I don't know, there's a huge difference between self-service, in which I do something for myself instead of relying on an employee, and the idea presented here: doing something for someone else which normally would be performed by a paid employee. I care about getting gas into my car or getting myself groceries, and as a not-very-social person, I see some value in just doing it myself (edit: or at the very least, I don't mind). But what do I care about joe schmo down the street and the jazzercise DVD he ordered from Walmart? I am not remotely interested in dropping that off to him.

Maybe if Walmart wants to pay customers to do it? Just lump that in to their shipping fees? But then they're kindof employees at that point. Or at least something like a contractor.

It's all fun and games until someone uses delivery to scope out your house for theft.

Or delivers your items covered in dog hair.

There's a reason why people use professional delivery.

What happens when you deliver a package and the recipient thinks you're an intruder and shoots you?
Presumably the same thing that happens now when a stranger knocks on your door and you murder them. You get arrested for murder and go to jail.
Yeah, that wasn't my point though. You're basically making those people doing delivery's contractors. I probably should of asked something like: what happens when you go deliver something and you fall on their slippery sidewalk? Walmart is at that point responsible, right?
No. Whilst I am guessing which legal system you come under, if it's the one I suspect, the owner of the property has the responsibility to ensure reasonable levels of safety. Walmart does not have a responsibility to maintain the sidewalk outside someone else's house. If the last dozen people delivering there all were injured and WalMart knew about it, then you might have some kind of case.
Does that frequently happen with the UPS, mail, or pizza guy? Because these are deliveries that you have ordered. You should expect someone. Also, I'm willing to bet unannounced visitors such as religious organizations have a similarly low incidence of being shot for knocking on someone's door.

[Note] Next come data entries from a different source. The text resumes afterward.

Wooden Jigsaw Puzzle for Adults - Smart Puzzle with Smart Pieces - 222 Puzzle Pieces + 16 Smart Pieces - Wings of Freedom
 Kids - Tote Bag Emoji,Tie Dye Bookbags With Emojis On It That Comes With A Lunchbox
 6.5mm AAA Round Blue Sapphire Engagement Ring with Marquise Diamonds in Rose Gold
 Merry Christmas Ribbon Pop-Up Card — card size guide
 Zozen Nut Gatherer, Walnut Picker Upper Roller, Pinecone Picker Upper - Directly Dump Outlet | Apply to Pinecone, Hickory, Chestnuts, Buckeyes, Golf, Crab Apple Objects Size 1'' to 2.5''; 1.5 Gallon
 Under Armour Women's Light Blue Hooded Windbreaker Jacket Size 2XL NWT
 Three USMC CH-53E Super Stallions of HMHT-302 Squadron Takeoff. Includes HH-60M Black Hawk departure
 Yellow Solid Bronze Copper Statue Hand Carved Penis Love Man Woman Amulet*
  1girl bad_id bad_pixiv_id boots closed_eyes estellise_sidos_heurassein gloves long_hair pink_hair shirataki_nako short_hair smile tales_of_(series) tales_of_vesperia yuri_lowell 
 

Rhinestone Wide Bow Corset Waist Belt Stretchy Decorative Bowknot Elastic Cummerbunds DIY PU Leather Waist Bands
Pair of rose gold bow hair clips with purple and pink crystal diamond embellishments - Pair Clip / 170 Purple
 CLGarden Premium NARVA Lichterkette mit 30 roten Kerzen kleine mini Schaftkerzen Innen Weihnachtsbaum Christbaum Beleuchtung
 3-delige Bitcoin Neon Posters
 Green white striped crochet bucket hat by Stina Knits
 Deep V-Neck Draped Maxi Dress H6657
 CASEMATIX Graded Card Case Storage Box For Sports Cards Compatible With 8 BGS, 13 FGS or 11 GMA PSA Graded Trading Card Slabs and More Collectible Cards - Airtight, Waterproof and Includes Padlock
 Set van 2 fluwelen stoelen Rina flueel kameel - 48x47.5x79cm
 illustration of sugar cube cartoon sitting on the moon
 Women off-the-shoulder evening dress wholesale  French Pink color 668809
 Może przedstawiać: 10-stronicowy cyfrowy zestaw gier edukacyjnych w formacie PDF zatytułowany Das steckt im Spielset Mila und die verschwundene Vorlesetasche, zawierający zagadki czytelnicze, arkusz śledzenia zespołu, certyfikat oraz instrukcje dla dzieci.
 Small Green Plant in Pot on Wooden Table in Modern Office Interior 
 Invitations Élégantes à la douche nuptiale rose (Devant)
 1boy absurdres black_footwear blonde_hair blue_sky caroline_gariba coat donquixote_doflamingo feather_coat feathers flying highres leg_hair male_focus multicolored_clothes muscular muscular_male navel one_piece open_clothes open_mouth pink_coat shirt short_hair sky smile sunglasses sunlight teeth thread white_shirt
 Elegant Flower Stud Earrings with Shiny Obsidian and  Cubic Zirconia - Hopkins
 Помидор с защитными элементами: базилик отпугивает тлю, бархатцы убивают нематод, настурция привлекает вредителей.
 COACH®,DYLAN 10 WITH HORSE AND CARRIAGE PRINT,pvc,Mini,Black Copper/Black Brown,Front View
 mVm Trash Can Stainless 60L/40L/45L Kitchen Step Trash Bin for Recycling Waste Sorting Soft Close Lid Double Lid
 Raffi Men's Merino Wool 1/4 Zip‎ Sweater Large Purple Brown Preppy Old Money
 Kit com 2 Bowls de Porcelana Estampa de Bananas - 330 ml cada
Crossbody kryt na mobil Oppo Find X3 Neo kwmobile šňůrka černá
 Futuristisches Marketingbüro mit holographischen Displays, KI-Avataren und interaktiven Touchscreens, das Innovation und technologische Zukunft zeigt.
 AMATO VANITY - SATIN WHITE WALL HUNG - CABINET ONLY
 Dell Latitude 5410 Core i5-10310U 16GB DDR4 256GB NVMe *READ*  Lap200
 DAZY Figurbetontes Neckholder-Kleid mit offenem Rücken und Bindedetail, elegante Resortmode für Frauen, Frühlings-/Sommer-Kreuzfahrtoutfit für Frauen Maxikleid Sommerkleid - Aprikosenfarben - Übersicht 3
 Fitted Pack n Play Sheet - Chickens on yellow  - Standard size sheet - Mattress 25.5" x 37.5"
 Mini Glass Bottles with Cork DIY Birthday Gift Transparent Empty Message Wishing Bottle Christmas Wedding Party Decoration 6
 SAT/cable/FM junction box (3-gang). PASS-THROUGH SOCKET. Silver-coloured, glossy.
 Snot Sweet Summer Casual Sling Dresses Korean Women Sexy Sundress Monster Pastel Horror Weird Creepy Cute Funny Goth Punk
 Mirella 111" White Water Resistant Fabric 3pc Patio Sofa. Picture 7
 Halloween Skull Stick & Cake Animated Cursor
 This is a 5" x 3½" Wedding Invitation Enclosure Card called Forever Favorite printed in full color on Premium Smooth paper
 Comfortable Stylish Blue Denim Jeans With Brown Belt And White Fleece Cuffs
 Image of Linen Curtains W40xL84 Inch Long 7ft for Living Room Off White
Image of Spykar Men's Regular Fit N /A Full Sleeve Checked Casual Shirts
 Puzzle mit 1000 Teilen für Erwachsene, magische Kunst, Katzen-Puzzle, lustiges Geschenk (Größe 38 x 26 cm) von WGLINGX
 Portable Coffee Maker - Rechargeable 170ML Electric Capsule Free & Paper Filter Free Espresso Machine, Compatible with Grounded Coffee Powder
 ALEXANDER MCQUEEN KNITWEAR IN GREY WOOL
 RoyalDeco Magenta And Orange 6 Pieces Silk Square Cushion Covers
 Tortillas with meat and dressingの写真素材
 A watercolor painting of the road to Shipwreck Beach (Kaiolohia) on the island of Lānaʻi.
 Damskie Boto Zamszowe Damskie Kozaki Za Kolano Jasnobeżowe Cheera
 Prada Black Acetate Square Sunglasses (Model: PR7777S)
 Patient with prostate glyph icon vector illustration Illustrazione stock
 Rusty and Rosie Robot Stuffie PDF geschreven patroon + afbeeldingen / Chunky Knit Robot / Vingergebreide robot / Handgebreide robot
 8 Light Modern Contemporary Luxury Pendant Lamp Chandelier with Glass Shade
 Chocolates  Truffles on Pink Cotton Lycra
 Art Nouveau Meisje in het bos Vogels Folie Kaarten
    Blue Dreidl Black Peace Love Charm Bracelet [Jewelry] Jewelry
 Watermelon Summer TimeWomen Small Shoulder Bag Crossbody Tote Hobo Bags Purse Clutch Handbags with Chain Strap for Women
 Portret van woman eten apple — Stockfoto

Intruders don't frequently knock and wait for you to answer.

I can see this failing in so many ways.
Walmart: Finding ways to not pay a fair wage for work done since 1962.
Maybe Wal-Mart is not going to be as involved as it seems.

Perhaps they will just set up a framework for peer-to-peer contact. If they leave the agreement solely between the deliverer and the recipient it should remove much of their liability risk.

They could then reward people based upon positive reviews by recipients.